* Problem to solve: Copy, word for word, the opening line of the data and each line after it until the line that contains "Recall this question", which is included. Leave the pictures out.
#### Available data
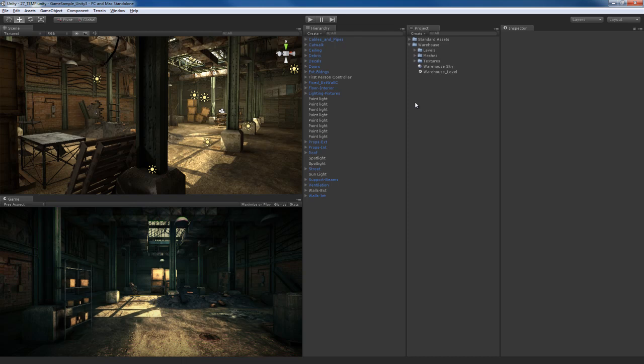Unity includes a pretty powerful animation tool that you can use to animate almost anything inside of your scene, and we're going to take advantage of it to add a little bit more mood and atmosphere to our scene.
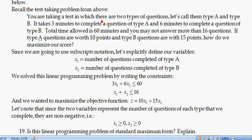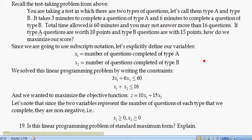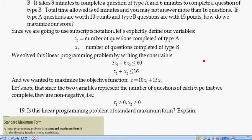Recall this question about taking a test with two types of questions, type A and type B. We set up the constraints, looked at the feasible region, and added the condition that type A questions are worth 10 points and type B questions are worth 15 points to maximize our score. I'm going to adopt the subscript notation, so rather than using X, Y, and Z we'll have X1, X2, X3, etc., so if we had four, five, or even ten variables we can just do X1 through X10.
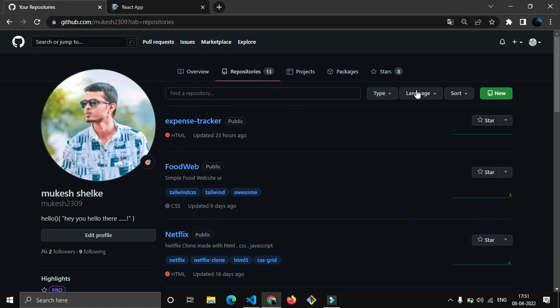Hey guys, what's up? Welcome to my channel. My name is Mukesh and today I'm going to show you how you can upload your React code to GitHub and activate GitHub Pages. You don't have to watch another video after this.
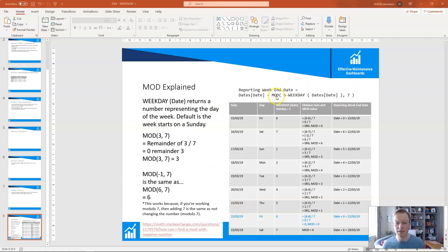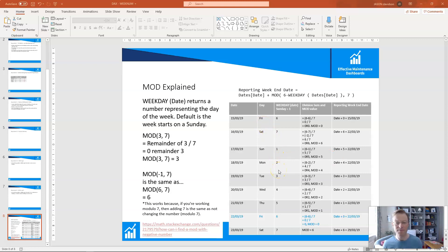The MOD function is a strange but very handy function. It comes in really useful here where we need this value to be dynamic based on the current date, always returning the Friday of the reporting week. If you want to change the reporting day — say to a Wednesday or Tuesday — you just change this number here, which represents the day of the week. For Thursday that would be 5, and so on.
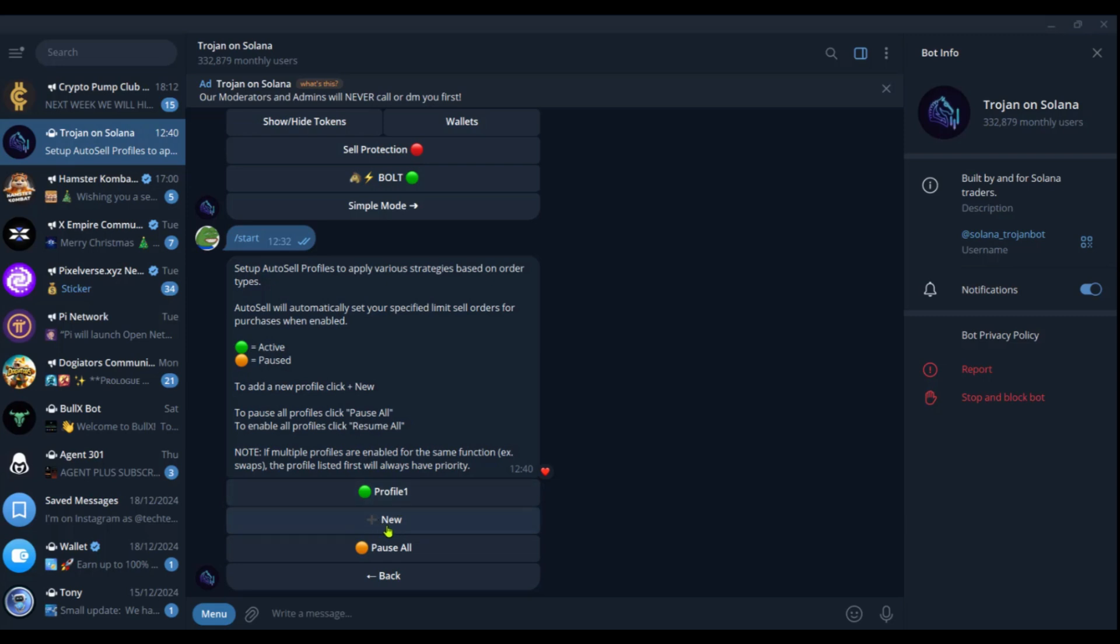If you want to add more profiles, you can click on it. And eventually if you want to pause all, you can go ahead and pause all. So currently the auto sell option is active.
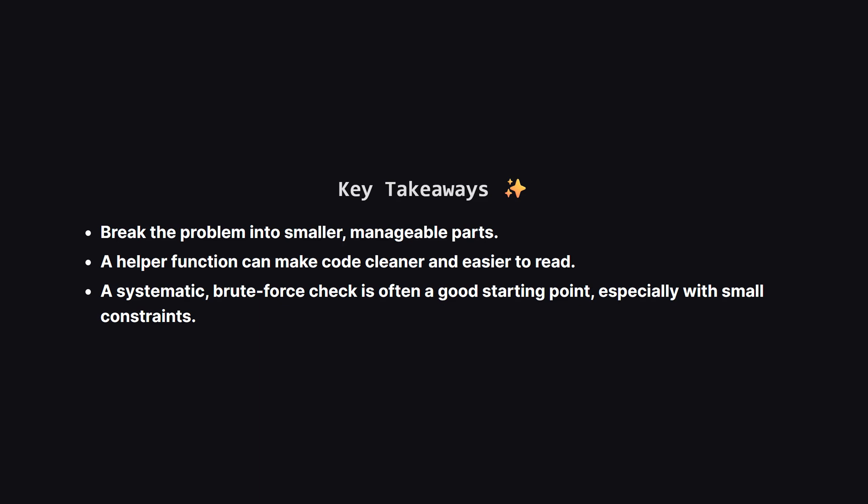So to recap, what did we learn here? First, breaking down a problem into smaller pieces, like checking a single subarray for a property, makes the overall solution much easier to think about. Using the helper function for that smaller piece made our main logic very clear. And finally, don't be afraid of a simple systematic check, sometimes called brute force. When the input sizes are small, like they are in this problem, it's often a perfectly fine and easy to implement solution.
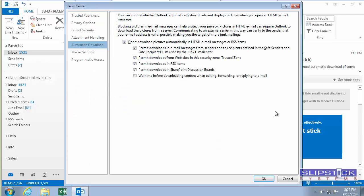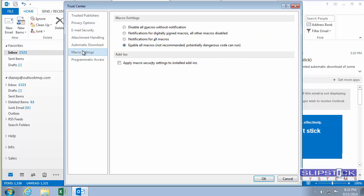Go to Trust Center Settings and check the macro settings. You want to enable all macros for now.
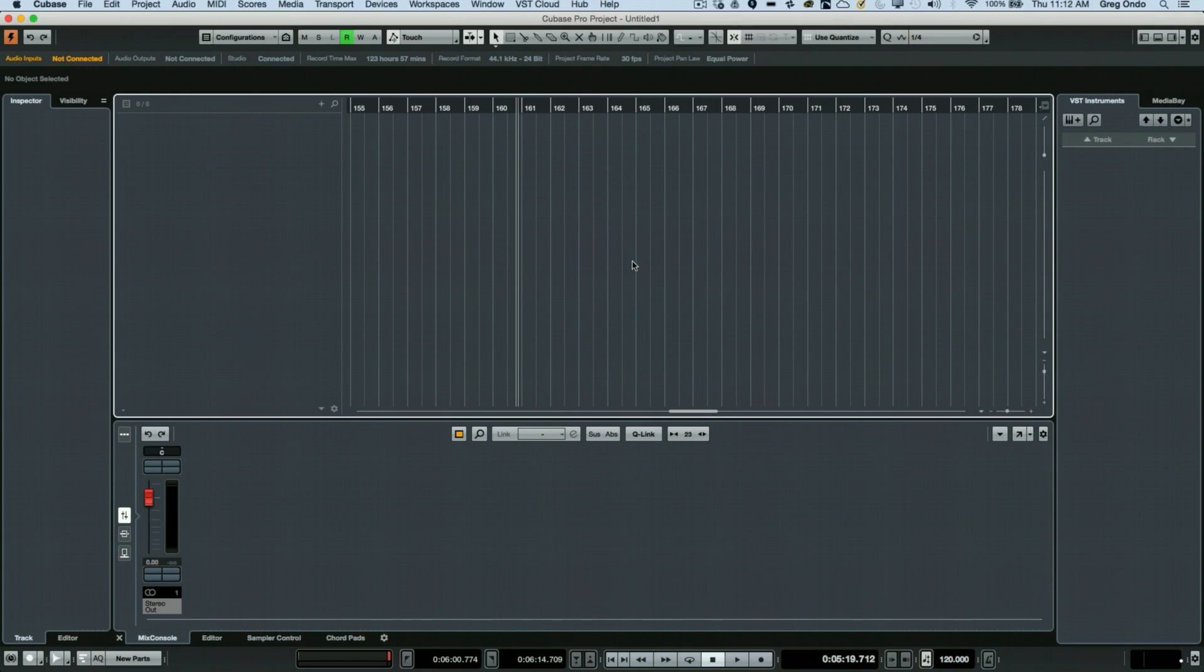So Cubase has a way of recording to multiple drives simultaneously, which we'll show you.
########
* Task solution:
Unity includes a pretty powerful animation tool that you can use to animate almost anything inside of your scene, and we're going to take advantage of it to add a little bit more mood and atmosphere to our scene.
Recall this question about taking a test with two types of questions, type A and type B. We set up the constraints, looked at the feasible region, and added the condition that type A questions are worth 10 points and type B questions are worth 15 points to maximize our score. I'm going to adopt the subscript notation, so rather than using X, Y, and Z we'll have X1, X2, X3, etc., so if we had four, five, or even ten variables we can just do X1 through X10.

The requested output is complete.